A new Whole Foods location opened up near my work recently and, while it didn't have much that will make me switch from the grocery-shopping ruts I've already dug, it did stock a couple of chocolate bars I've been looking for for a while now.
In case you can't read the small print there, that's white chocolate with kalamata olives and milk chocolate with bacon, both from Vosges. It's interesting to see these sorts of exotic combinations moving out of experimental chefs' kitchens and into supermarkets. Vosges and Whole Foods are both sufficiently upscale and exorbitantly priced that I don't think the existence of these bars spells the death of the trend. But I can buy Frey white chocolate with cinnamon and blood orange at Target so the long term outlook is not good. (That the chef who did a bacon ice cream on Next Iron Chef got dressed down by the judges for lack of originality is a pretty bad sign too. Although he was doing a riff on french toast and even I could have come up with that.)
The real problem here is actually how banal both bars taste. The kalamata olives are identifiably that, but in all that white chocolate they taste no more unusual than, say, almonds. The bacon bar was even worse off because it tastes so familiar. Katrina Markoff, Vosges' founder, spells it out on the back of the box: chocolate chip pancake breakfast.
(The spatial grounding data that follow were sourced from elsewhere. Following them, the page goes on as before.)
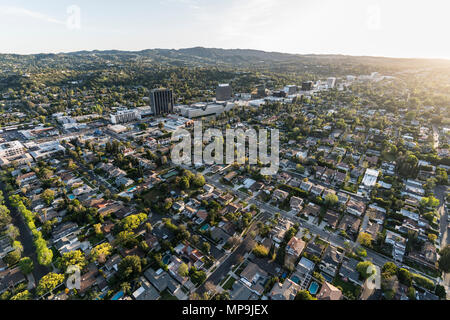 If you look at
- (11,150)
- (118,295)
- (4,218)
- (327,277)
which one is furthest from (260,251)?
(11,150)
I missed the pancake.
It really shouldn't be surprising that these bars weren't very surprising. They both were strong hits of sugar, salt and fat. Everything else was grace notes. (I had to take a shot after trying them to include the fourth food group, alcohol, and complete the experience.) There's still something interesting here, but it's going to have to be more complex. It's got me thinking, anyway.